Серебряков (резко). И в другой раз потрудитесь не входить без доклада, и прошу вас избавить меня от ваших психопатических выходок! Всем вам хотелось вывести меня из терпения, и это удалось вам… Извольте меня оставить! Все эти ваши леса, торфы я считаю бредом и психопатией - вот мое мнение! Пойдем, Иван Иванович! (Уходит.)
Орловский (идя за ним). Это, Саша, уж слишком… Зачем так резко? (Уходит.)
Хрущов (один, после паузы). Бред, психопатия… Значит, по мнению знаменитого ученого и профессора, я сумасшедший… Преклоняюсь перед авторитетом вашего превосходительства и поеду сейчас домой, обрею себе голову. Нет, сумасшедшая земля, которая еще держит вас!
Быстро идет к правой двери; из левой входит Соня, которая подслушивала у двери в продолжение всего 12-го явления.
13
Хрущов и Соня.
Соня (бежит за ним). Постойте… я все слышала… Говорите же… Говорите скорее, а то я не выдержу и сама начну говорить!
Хрущов. Софья Александровна, я сказал уже все, что мне нужно. Я умолял вашего отца пощадить лес, я был прав, а он оскорбил меня, назвал сумасшедшим… Я сумасшедший!
Соня. Довольно, довольно…
Хрущов. Да, не сумасшедшие те, которые под ученостью прячут свое жестокое, каменное сердце и свое бездушие выдают за глубокую мудрость! Не сумасшедшие те, которые выходят за стариков замуж только для того, чтобы у всех на глазах обманывать их, чтобы покупать себе модные, щегольские платья на деньги, вырученные от порубки лесов!

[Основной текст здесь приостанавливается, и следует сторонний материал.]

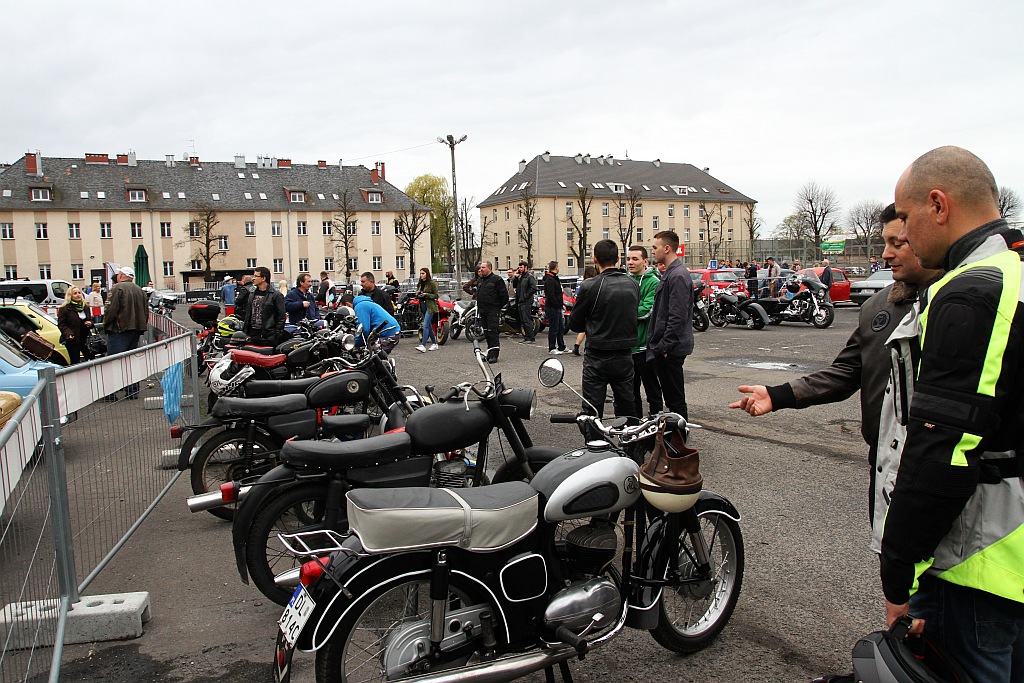Kilkadziesiąt klasyków przyjechało na piknik do samochodówki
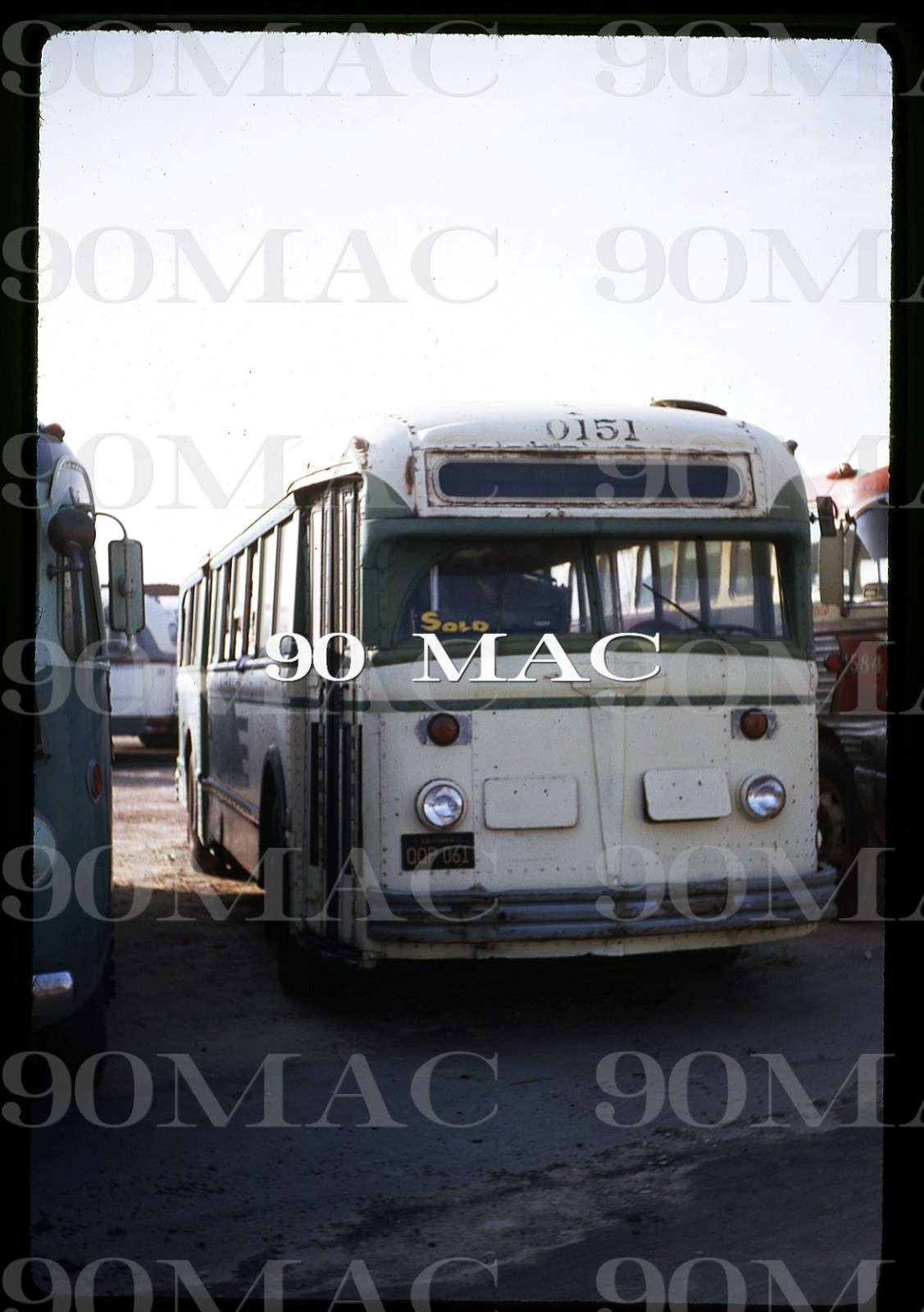 JARRETT’S BUS SALES LOT. Carson (CA). 6 Original Slides 1969.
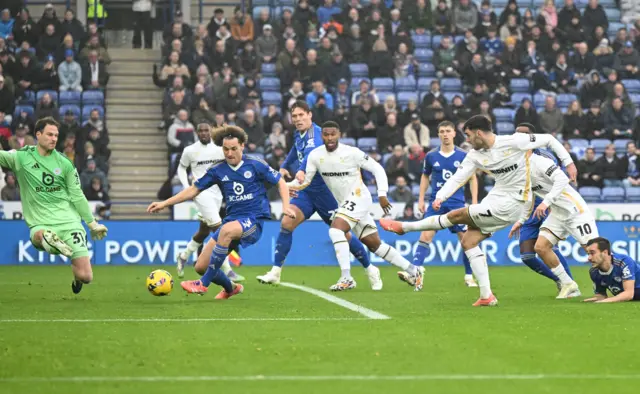 Tom Cannon opens the scoring for Sheffield United
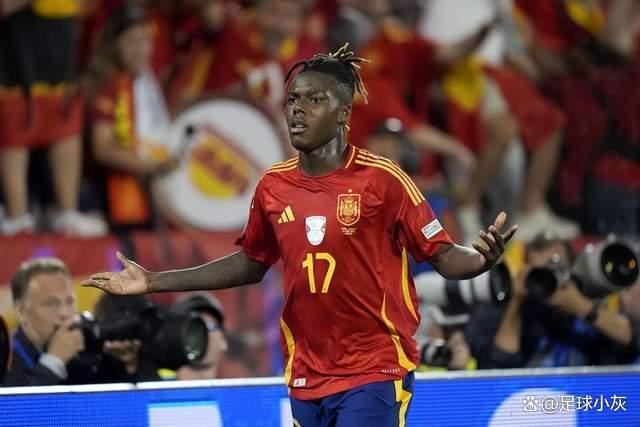 西班牙队在比赛中发挥出色,成功晋级 西班牙队在比赛中发挥出色,成功晋级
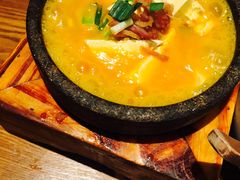 -云海肴·汽锅鸡·云南菜(天山百盛优客店)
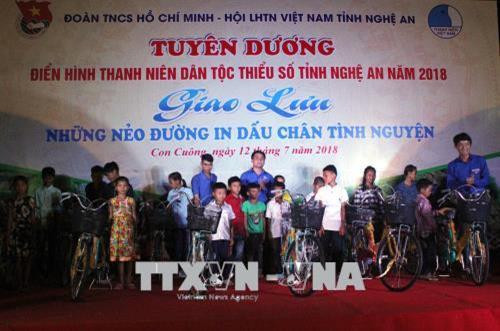 Đoàn khối các cơ quan tỉnh Nghệ An trao tặng 15 chiếc xe đạp cho các em học sinh có hoàn cảnh khó khăn. Ảnh: Tá Chuyên – TTXVN Đoàn khối các cơ quan tỉnh Nghệ An trao tặng 15 chiếc xe đạp cho các em học sinh có hoàn cảnh khó khăn. Ảnh: Tá Chuyên – TTXVN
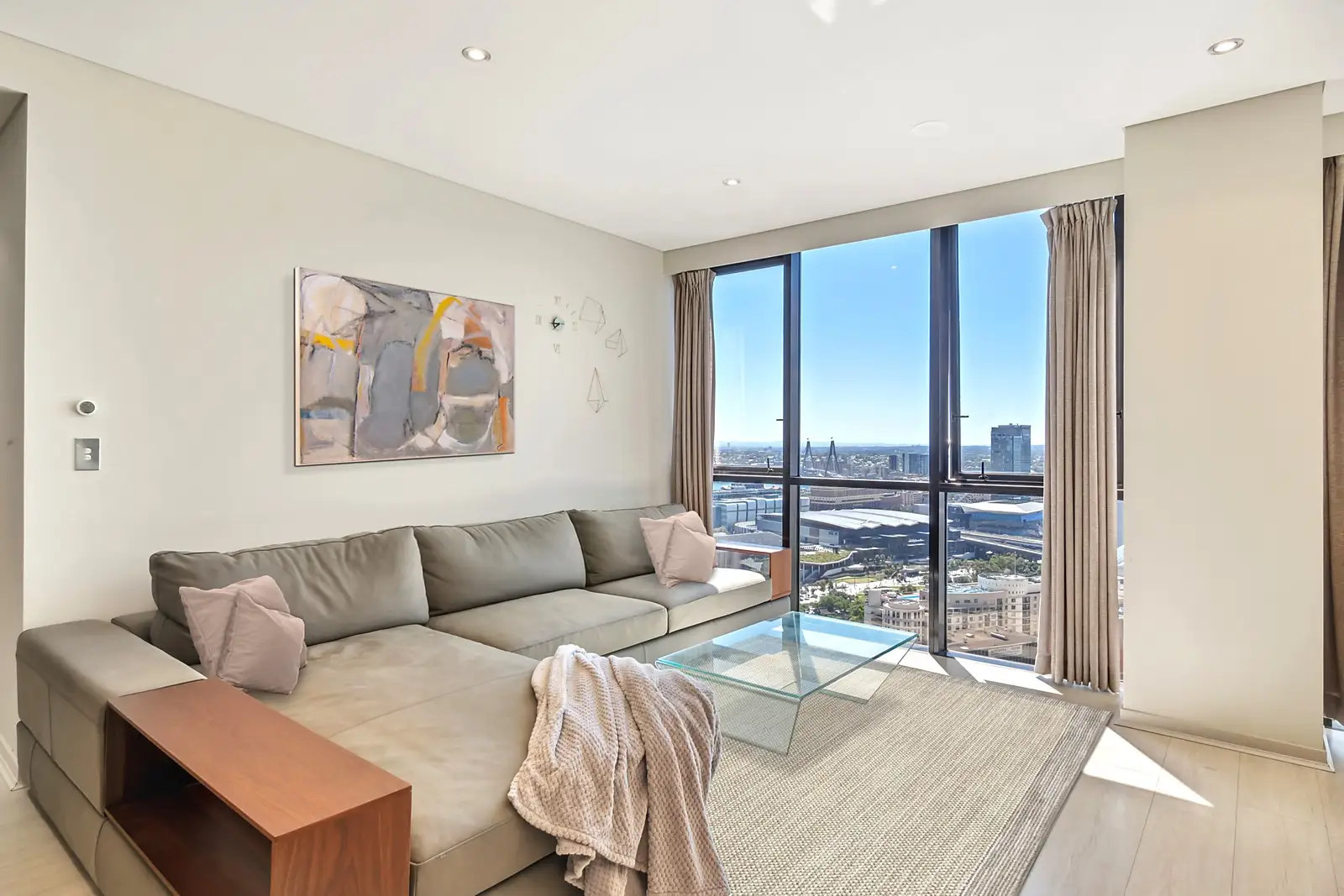 3302/718 George Street, Haymarket Sold by Sydney Sotheby's International Realty - image 1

Соня. Слушайте меня, слушайте… (Сжимает ему руки.) Дайте мне сказать вам…
Хрущов, Перестанем. Кончим. Я для вас чужой, ваше мнение о себе я уже знаю и делать мне тут больше нечего. Прощайте. Жалею, что после нашего короткого знакомства, которым я так дорожил, у меня останутся в памяти только подагра вашего отца и ваши рассуждения о моем демократизме… Но не я в этом виноват… Не я…
Соня плачет, закрывает лицо и быстро уходит в левую дверь. Я имел неосторожность полюбить здесь, это послужит для меня уроком! Вон из этого погреба!